Полковник Судыко на секунду замешкался, его словно вырвали из глубины воспоминаний, он словно вышел из тьмы на яркий дневной свет и теперь не мог сфокусироваться. Это состояние длилось считанные секунды, прежде чем Судыко ответил:
– Тот, кого ты называешь Кириллом Генриковичем, некоторое время работал в нашем ведомственном госпитале, но больше чем клинической медициной, он увлекался исследованиям в своей собственной теме, нейрофизиологии кажется. Политика его мало интересовала. Он был отправлен в командировку в регион в качестве медицинского специалиста, а не исследователя, но там ему случилось найти нечто, что полностью изменило его. Он загорелся идеей какого-то исследования, и никто из его немногочисленных друзей не добился от него ни слова. Вернувшись после первого срока командировки, у него состоялся серьёзный разговор с начальством «конторы» В результате, он был уволен с должности врача в клинике, зато для него была учреждена новая должность, о которой никто ничего толком не знал. Это был автономный исследовательский отдел, но о исследованиях знал только сам Кирилл и его сотрудники. Вскоре Кирилл отправился во вторую командировку в регион, затем в третью. Мне рассказывали, что он привозил обратно образцы растений, и ничего необычного. Но как оказалось позже, он знал, что он делает. Вскоре его исследовательский отдел расширился. Начались первые практические эксперименты того, чем они там занимались. Секретность была полная, даже я, будучи на тот момент уже полковником, не мог ничего узнать об этом. Хотя я никогда по-настоящему и не интересовался, как я уже говорил, меня обеспокоили совсем другие вопросы, более приземлённые, так сказать.

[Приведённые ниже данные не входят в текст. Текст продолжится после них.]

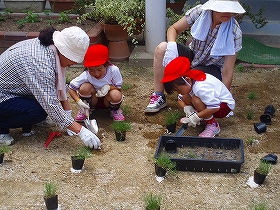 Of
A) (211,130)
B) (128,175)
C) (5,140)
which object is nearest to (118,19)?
(211,130)

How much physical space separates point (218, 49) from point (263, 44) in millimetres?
2904

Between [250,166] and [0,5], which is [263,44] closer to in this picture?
[250,166]

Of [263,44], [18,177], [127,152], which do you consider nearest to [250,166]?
[127,152]

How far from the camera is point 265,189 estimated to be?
10.9 feet

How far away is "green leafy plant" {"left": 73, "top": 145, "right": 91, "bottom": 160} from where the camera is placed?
11.4 ft

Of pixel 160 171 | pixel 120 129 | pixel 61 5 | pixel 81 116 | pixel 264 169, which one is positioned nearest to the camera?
pixel 264 169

– Постойте, – сказал Гвидо, в очередной раз прерывая рассказ капитана – так получается вы сами не посещали тот регион?
Судыко некоторое время смотрел на Гвидо, затем широко улыбнулся и ответил:
– Я даже и не думал об этом. Я был уже в том возрасте и служебном положении, когда детство не играло в заднице и я вовсе не искал приключений. Мне хватало того, что некоторые из приключений я планировал для других, и лучше многих в «конторе» владел тактической обстановкой в регионе. Я волновался разве что за своего друга, майора Корнеева. Он был одним из сотрудников отдела методических разработок, гражданским специалистом, но на них возлагалась особая задача. Находясь в регионе безвылазно, именно они должны были установить тесные связи с Бурпа, изучить их социальную и политическую надстройки. Их группе была поставлена задача постоянно усиливать влияние в регионе и передавать отчёты по теме. У Корнеева был опыт работы в средней Азии, в Туркменистане, в Иране, причём не с самими метрополиями, а именно с мало-контактными региональными меньшинствами. Их группа состояла из учёных –политологов, историков и лингвистов. Лучше них с этой задачей никто не мог справиться. Но мне было известно, что наша модель усиления влияния сильно раздражала британские спецслужбы, которые имели и аналогичные задачи и аналогичные группы агентов влияния. Между группой Корнеева и группой британского агента постоянно шла ожесточённая конкуренция.
– Вам тогда удавалось настолько хорошо владеть информацией из удалённого региона? – спросил Гвидо – Я имею в виду информацию относительно противника.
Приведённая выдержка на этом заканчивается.